Task description: What is needed is a word-for-word copy of every record below, minus the pictures.

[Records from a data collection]
----

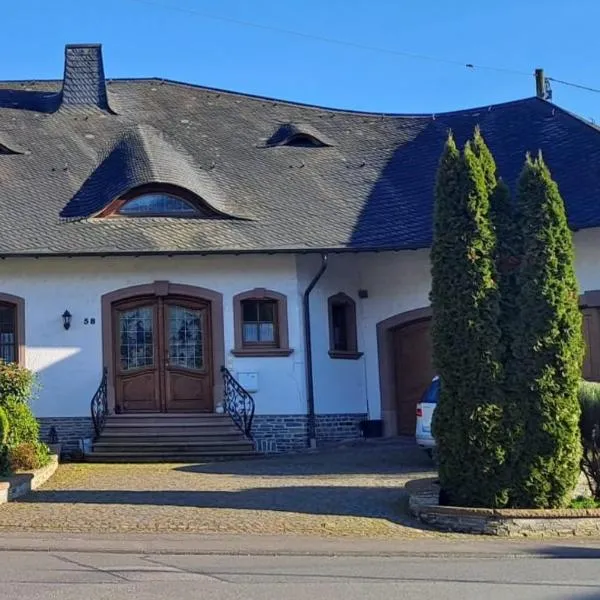 Pension Birgit Pazen, hotel v destinaci Zeltingen-Rachtig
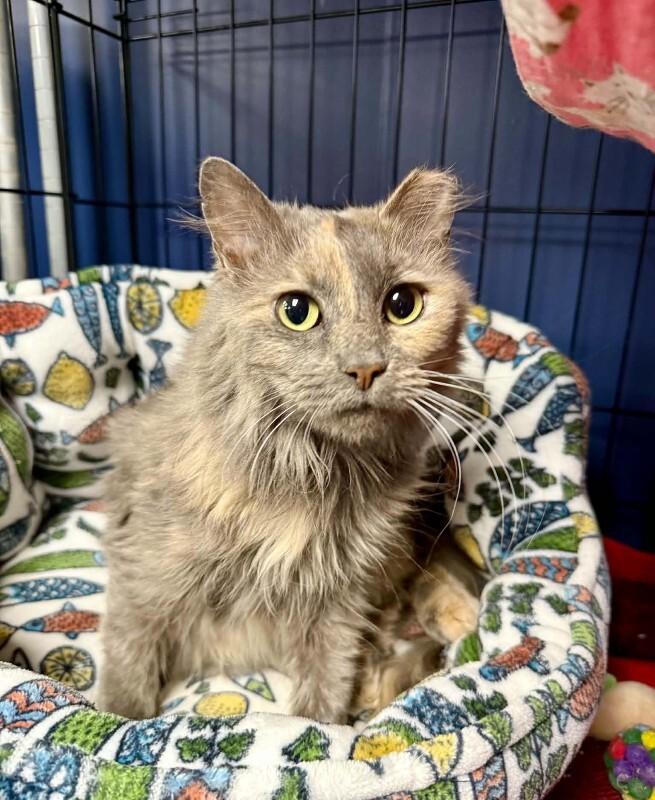 Enlarge Cinnalicious, a Adoptable Dilute Tortoiseshell in Belton, MO image 2/2
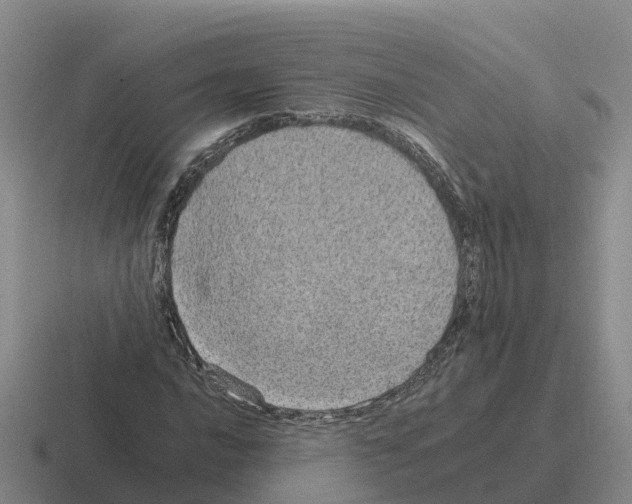 X0000116101016201001040947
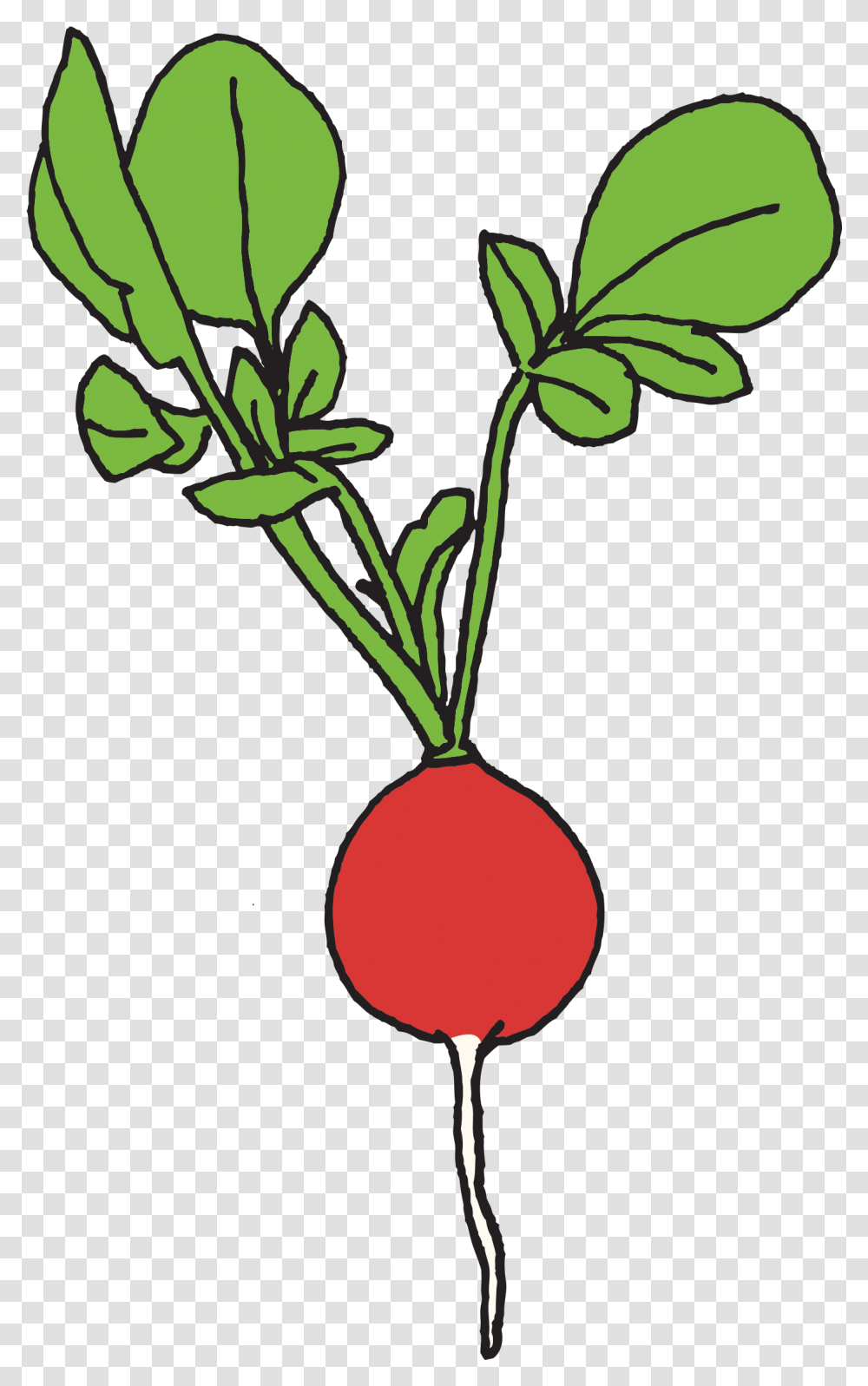 Radish Radish Clipart, Plant, Vegetable, Food Transparent Png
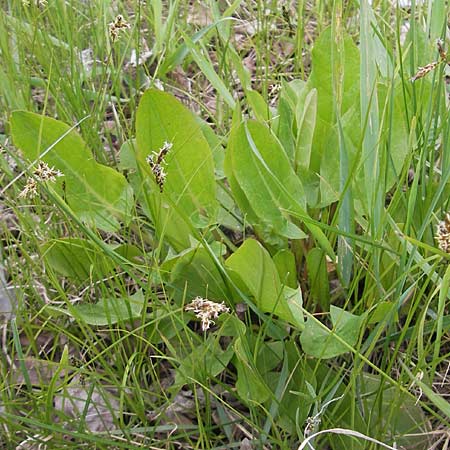 Rumex thyrsiflorus \ Straubltiger Sauer-Ampfer / Thyrse Sorrel, D Schwetzingen 14.4.2012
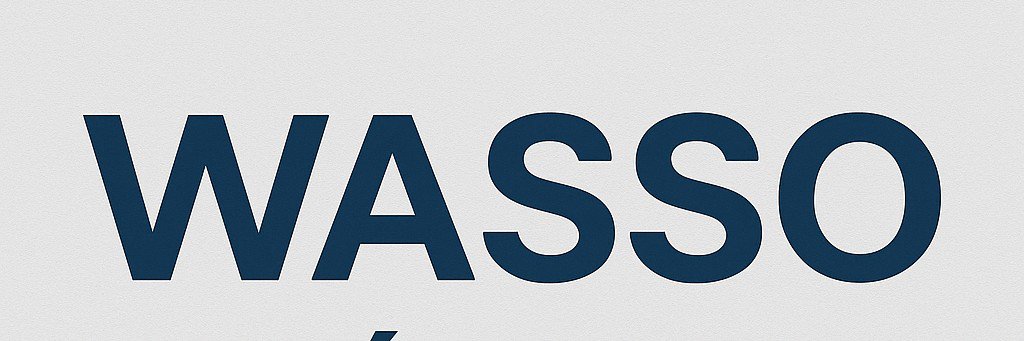 Wasso_Niger's profile banner image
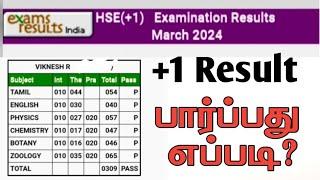 How to Check +1 Results 2024  TN Board Results Check  TN Results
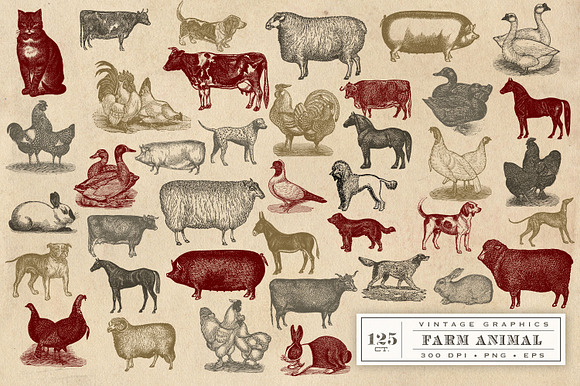 Vintage Farm Animal Vector Graphics in Objects - product preview 2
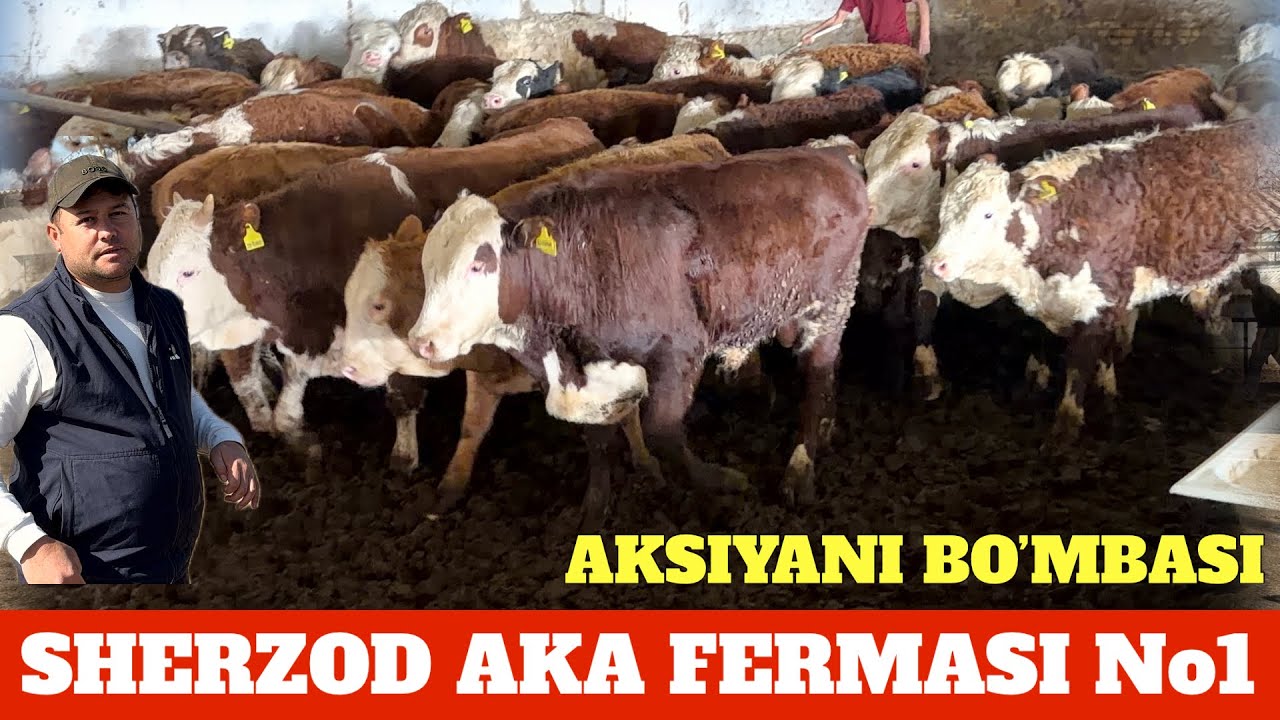 SHERZOD AKA FERMASIDA YANGI PARTIYA KELDI DAXSHAT SIFATI ZO’R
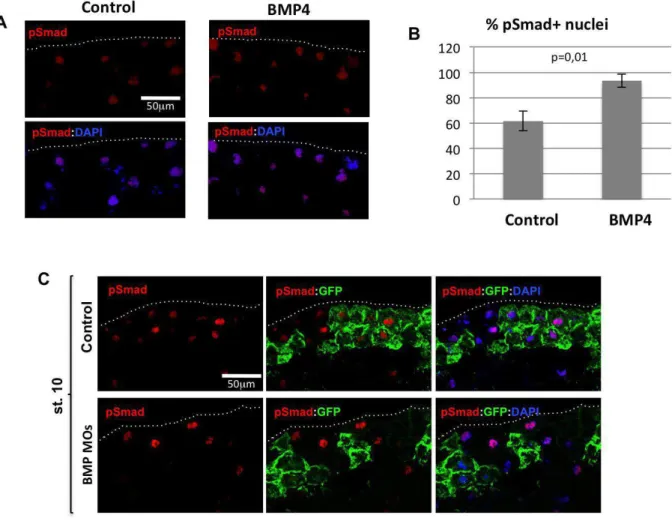 Figure S1: Validation of pSmad1/5/8 staining in response to BMP manipulation.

----

Exercise output:
 Pension Birgit Pazen, hotel v destinaci Zeltingen-Rachtig
 Enlarge Cinnalicious, a Adoptable Dilute Tortoiseshell in Belton, MO image 2/2
 X0000116101016201001040947
 Radish Radish Clipart, Plant, Vegetable, Food Transparent Png
 Rumex thyrsiflorus \ Straubltiger Sauer-Ampfer / Thyrse Sorrel, D Schwetzingen 14.4.2012
 Wasso_Niger's profile banner image
 How to Check +1 Results 2024  TN Board Results Check  TN Results
 Vintage Farm Animal Vector Graphics in Objects - product preview 2
 SHERZOD AKA FERMASIDA YANGI PARTIYA KELDI DAXSHAT SIFATI ZO’R
 Figure S1: Validation of pSmad1/5/8 staining in response to BMP manipulation.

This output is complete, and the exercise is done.